The Ernakulam sessions court sentenced Antony to death in January 2005. Kerala High Court upheld the sentence on September 18, 2006, observing that the crime was cruel and diabolical.

It said Antony had no respect, care or mercy for human life and his existence was most dangerous to society. The Supreme Court dismissed Antony’s appeal on April 22, 2009, and his review petition on April 12, 2010.

But there was a delay in executing him, and Antony petitioned the top court again citing a five-judge ruling of 2013 that said all appeals against death sentences must be heard by a three-judge bench, against the existing practice of two judges hearing them.

The 2013 judgment had also held that all death-row convicts could appeal for review before a three-judge bench.

The three-judge bench of Justices Madan B. Lokur, Abdul Nazeer and Deepak Gupta partially allowed Antony’s latest review petition. They ruled that while handing the death penalty, the courts must consider the socio-economic condition of the convict, including how much access he had to legal help.

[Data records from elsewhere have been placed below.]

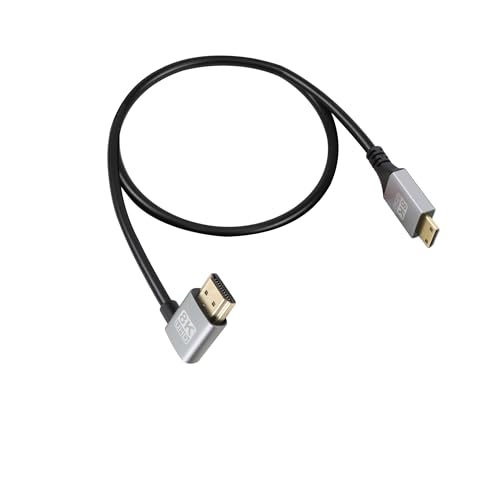 RIIEYOCA 90 Grad rechtwinkliges UHD 8K HDMI Stecker auf Mini HDMI Stecker 48Gbps High Speed 2.1 Kabel unterstützt 8K@60Hz, 1080p, ARC, 3D, für DVR, HDTV (Right Angle, 0.5M) von RIIEYOCA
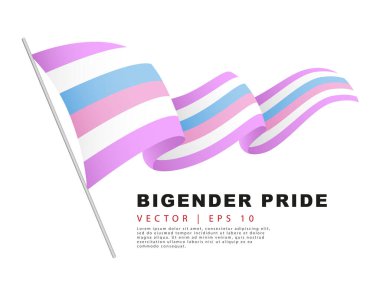 The flag of bigender pride hangs on a flagpole and flutters in the wind. A colorful logo of one of the LGBT flags. Sexual identification. Vector illustration on a white background.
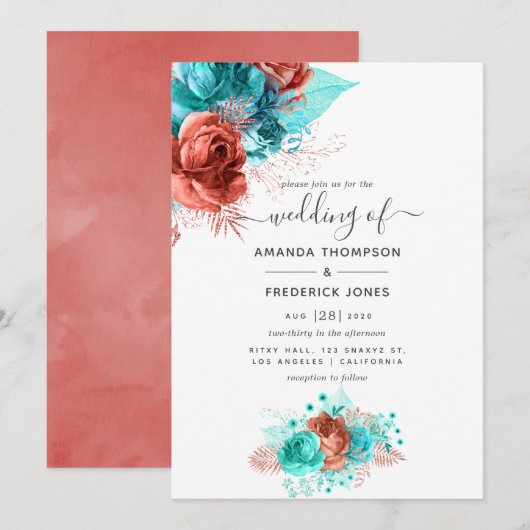 Invitation Aquarelle turquoise et corail Mariage Floral (Devant / Derrière)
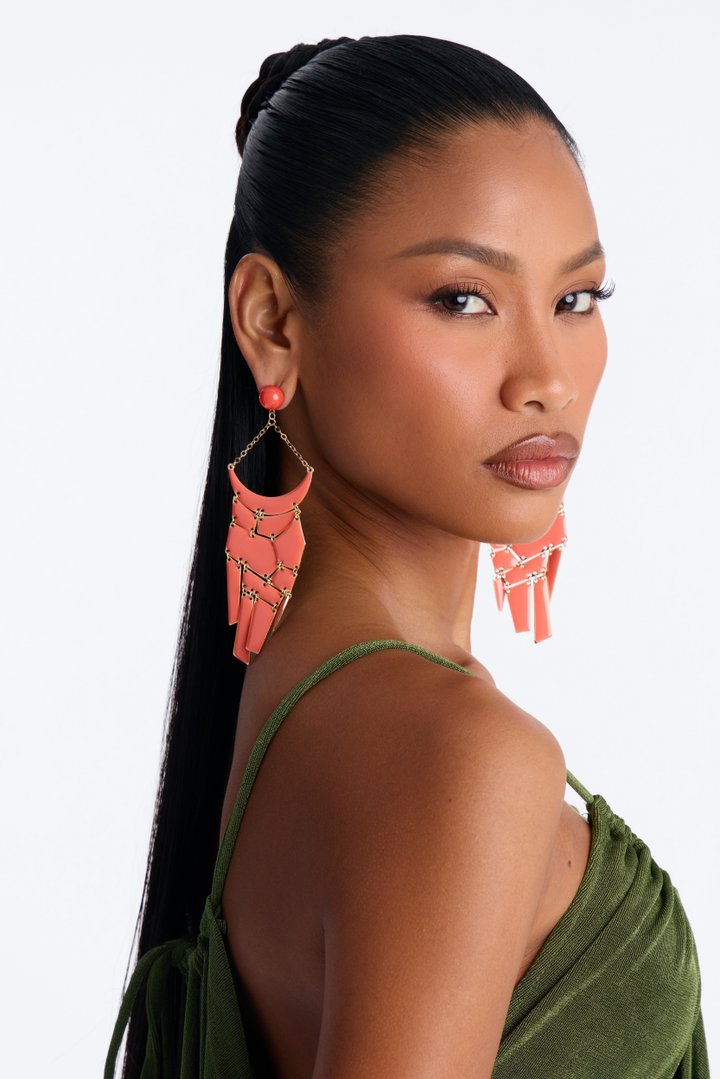 Sweet Cover Drop Earrings - Orange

Many accused from poor families cannot afford defence counsel and have to turn to the government legal services, which try their best but “sometimes fall short of expectations”, the judgment said.

“That the poor are more often than not at the receiving end in access to justice and access to the remedies available is evident from a fairly recent report prepared by the Supreme Court Legal Services Committee which acknowledges, through Project Sahyog, enormous delays in attending to cases of the poor and the needy,” it said.

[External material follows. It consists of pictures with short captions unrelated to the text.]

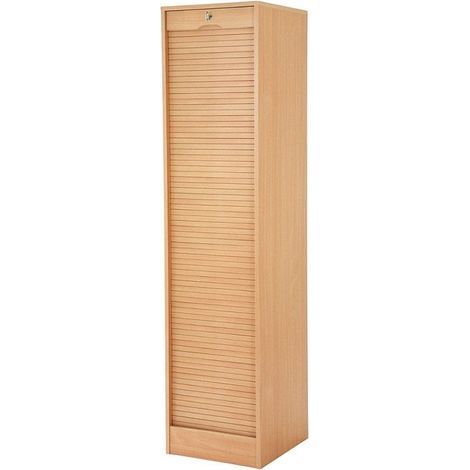 Les Tendances – Classeur à rideau coulissant en bois clair 172 cm – 7 étagères réglables – Fermeture à clé – Éco-conçu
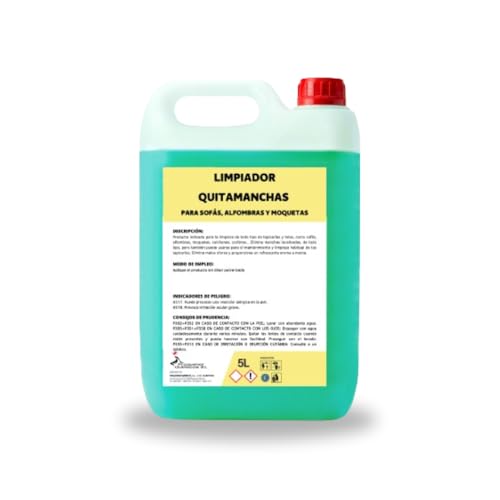 PROQUIMAR – Quitamanchas Profesional para Tapicerías, Alfombras y Telas – Limpieza Eficaz de Manchas Difíciles – Ideal para Hogar, Coches y Muebles – Garrafa de 5L
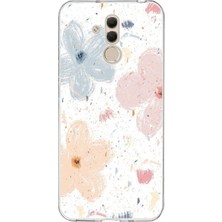 TechTree Huawei Mate 20 Lite Uyumlu Pastel Soyut Çiçek ve Leke Desenli Baskılı Silikon Kılıf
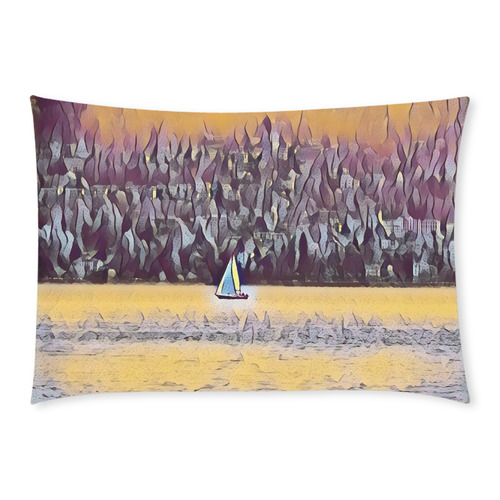 Boat at sunset Custom Rectangle Pillow Case 20x30 (One Side)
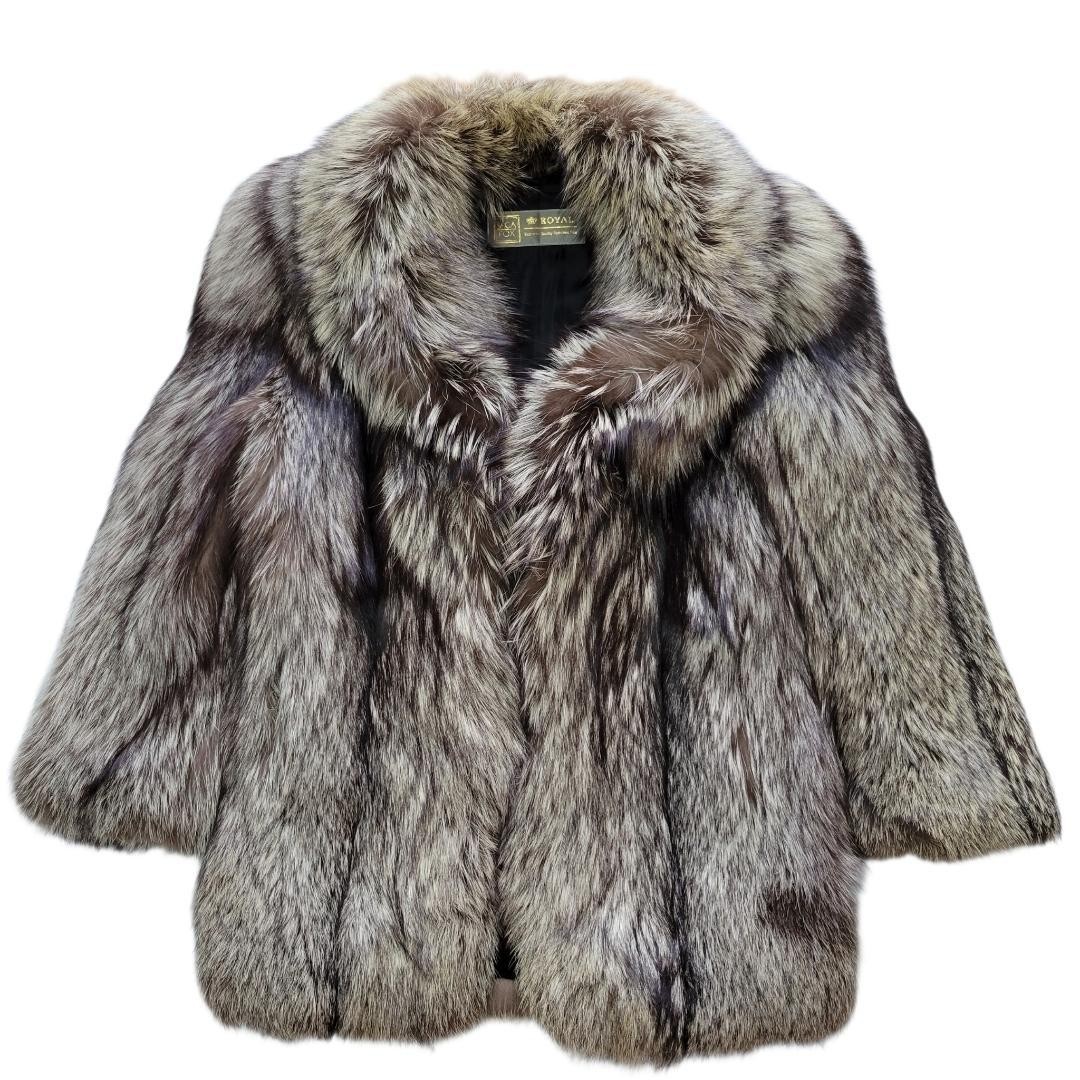 Saga Fox Royal Fur coat Brown Blue Frost Fox Genuine Fur Thick Gold Saga size 9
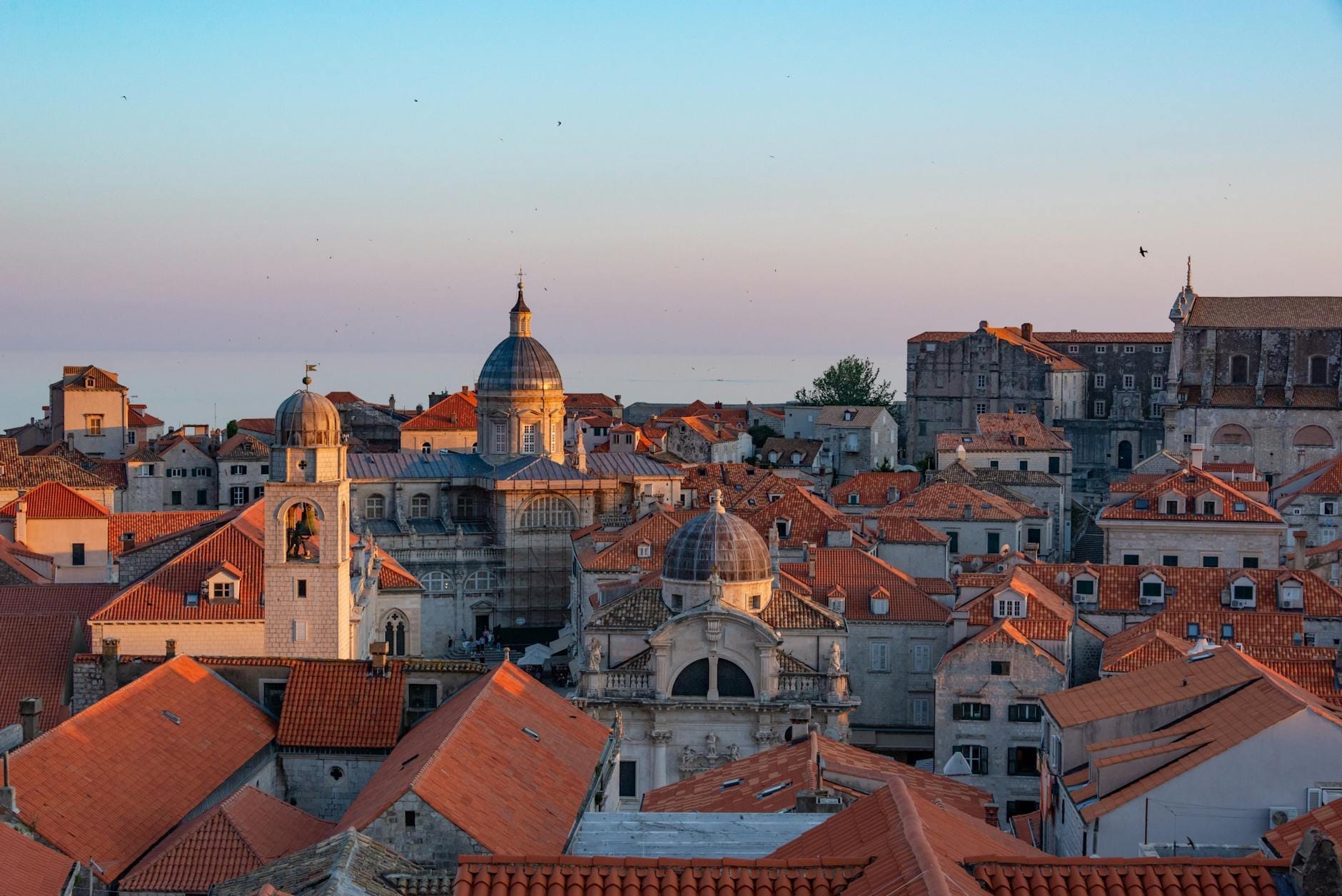 Vista panorámica de los tejados del casco antiguo de Dubrovnik al atardecer, con la fachada barroca y la cúpula de la Iglesia de San Blas en el centro de la imagen, bajo un cielo azul.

“Quality legal aid to the disadvantaged and weaker sections of society is an area that requires great and urgent attention and we hope that a vigorous beginning is made in this direction in the new year.”

The court noted that Antony had been working as a driver and trying to get employment in the Gulf. He had arranged for a visa and raised Rs 25,000 out of the Rs 62,000 his agent had demanded.

“He continued making attempts to raise the amount. His economic condition was so severe that for the purposes of going to (the) Gulf he had to proceed from Ernakulam to Mumbai by train and while he could manage to purchase the ticket, he was unable to pay for reservation charges. Under these circumstances, he had gone to the house of the deceased family for getting money or by stealing it or by grabbing it by any other means,” the judgment said.

“It is under this financial and economic stress that his presence in the house of the deceased family was explained. But unfortunately for him and the deceased family, he was unable to obtain any funds from them and this led to his decision to kill all of them.

“We find that there was no material whatsoever to come to the conclusion that the gravity of the crime caused revulsion in the society or that it had materially disturbed normal life in the society.”

The apex court added: “While the socio-economic condition of a convict is not a factor for disproving his guilt, it is a factor that must be taken into consideration for the purposes of awarding an appropriate sentence.”